Select Page

Infrastructure – heavy lifting and planning

A trio of projects before the year-end – all interwined.

  • Migration of mail from Google Apps to Hosted Exchange.
  • Migration of DNS from current service provider to ‘someone new’
  • Migration of blog/photos to ‘somewhere in the cloud’

Moving the mail isn’t that hard – it’s just making sure that mail doesn’t get dropped while the new MX and CNAMEs are propagating. The old mail will live on in Google Apps – the new stuff in hosted Exchange. The trickier part is making sure that ‘my customers’ get the right service – and can keep getting mail in Outlook or the web. Users eh.

Moving the DNS is part of the mid-term strategy to change ISP. Covad have been great to me since I moved to the US; sadly they are starting to show signs of decay. I need to support additional DNS records than the A, CNAME and MX records – no plans from Covad.

The final push is to move the blog servers out of the ‘home data centre’ and to a reliable, faster provider.

The ultimate aim is to divorce myself from Covad and the Static IP business DSL that has worked so well – and move to something that is much faster – but maybe without the SLA on the line itself.

xCache – PHP caching, performance and stability

I’ve been testing out xCache for a while – primarily as a PHP accelerator.

Early results were really promising – reducing page load times dramatically; and also reducing CPU load as common pages (i.e. the latest blog post and photos) were fed directly from the cache.

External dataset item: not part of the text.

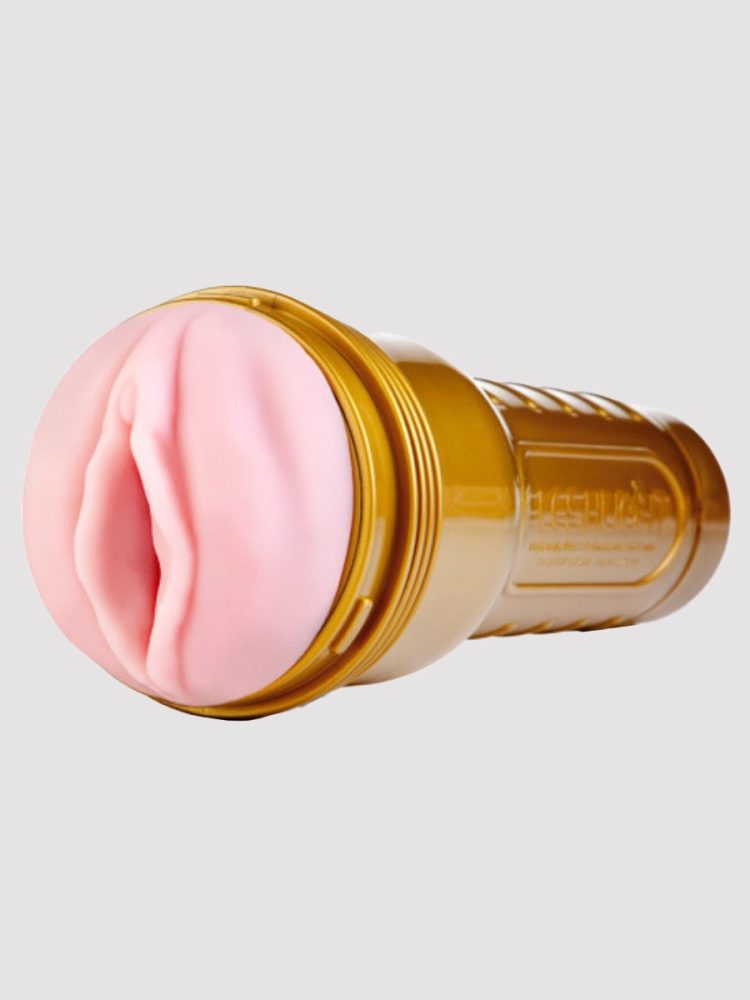 Fleshlight Pink Lady Stamina Training Unit STU, Vaginal - Amorana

There seems to be some kind of memory leak/cache clean up issue with xCache 1.3 – I allocate some amount of RAM for cache (16MB, 64MB, 256MB – it really doesn’t matter) and at some point Apache/PHP starts eating up RAM, then starting to swap – and finally the server grinds to a halt.

xCache is off for now – I’ll keep investigating.

Overnight line problems

Any ideas?

Twice this week all connectivity has been lost – upstream of the CPE (on premise router).

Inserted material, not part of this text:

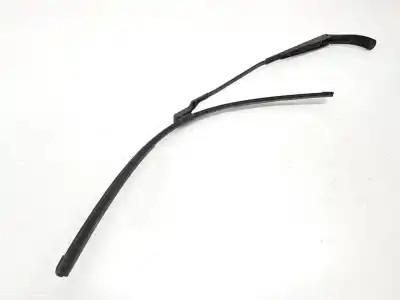 Second-hand car spare part left front windshield wiper arm for citroen ds4 (nx_) 1.6 vti 120 oem iam references 6429je  9687490380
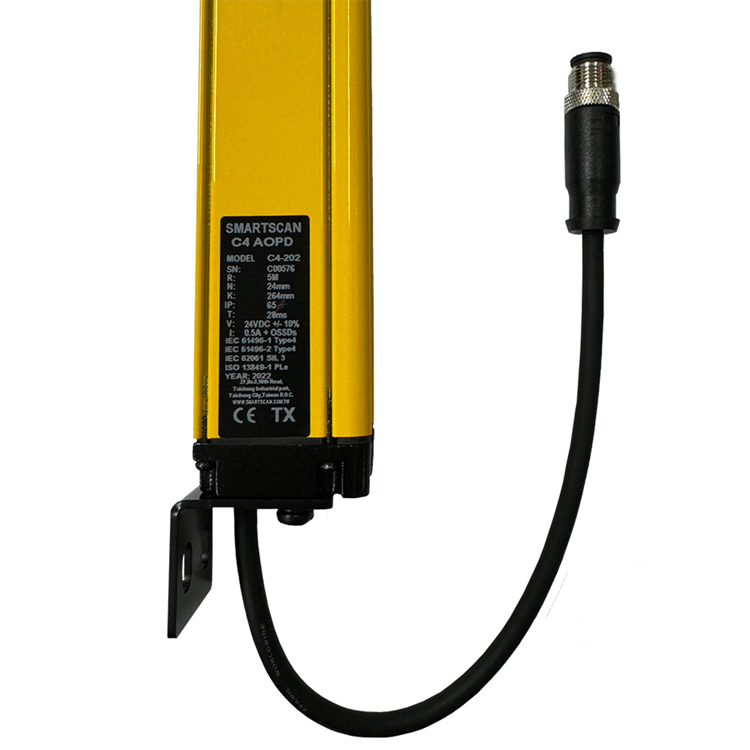 c4 series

The first was from 2100 to 0800:

line-outage-4-5-oct-10

The next from 2130 to 0430:

line-outage-6-7-oct10

It looks like some kind of maintenance window from the Qwest who actually provision the line.

Blog server implosion – fix and cause

I got an email on Saturday morning:

“I’m getting a message when I try and “post draft and edit online”.  See pictures attached of the messages.”

Blog error

Uh oh. Nothing had changed in the config of the web server for months – and adding extra disk space to the server wouldn’t cause this.

I looked at the Apache error logs – nothing. I couldn’t see anything that would be causing this. Typically it’s a permissions or xml-rpc problem that’s kicking up a complaint in Windows Live Writer.

Other blogs on the same server were working perfectly; I could upload via xml-rpc as well. Very strange.

Eventually I tracked down an alert in /var/log/warn that was flagging ‘cannot read inode bitmap’ – whenever I tried to upload an image via xml-rpc. Even stranger. This really didn’t make any sense – but it looked like early signs of a corrupt root filesystem and being unable to write to temp.

I dismounted everything and tried to fsck the disk – and then the world of pain unraveled. The entire root filesystem seemed to have junk – it’s ext3 so should be pretty robust. I’ve no idea what caused it – but the end result was that most of /etc was toasted and there were some 10,000 entries in lost+found.

The upside is that the mysql and web data are all on seperate disks – so really easy to reconstruct the server. I had backups of my PHP, mysql and Apache confs – as well as all the data. The only slog was updating the Apache/PHP/MySQL stack to the correct (current) versions for my uses.

What I learned:

  • backups are great – but separating the data from the OS is a real winner
  • backup the config files for the core apps
  • document the correct versions of core apps. Currently Apache 2.2.10, PHP 5.3.2 and MySQL 5.1.3 – these all work together without problems

Total downtime – about eight hours. Real time spent fixing this – about three hours.

I also moved several of the blogs to WordPress 3.0 RC1 – it’s been really stable so far on the main blog. I also had to do a latin1 to utf8 conversion on one of the older blogs. Always painful – but a one time hit. I need to add that to the change control/validation for the next round of big updates.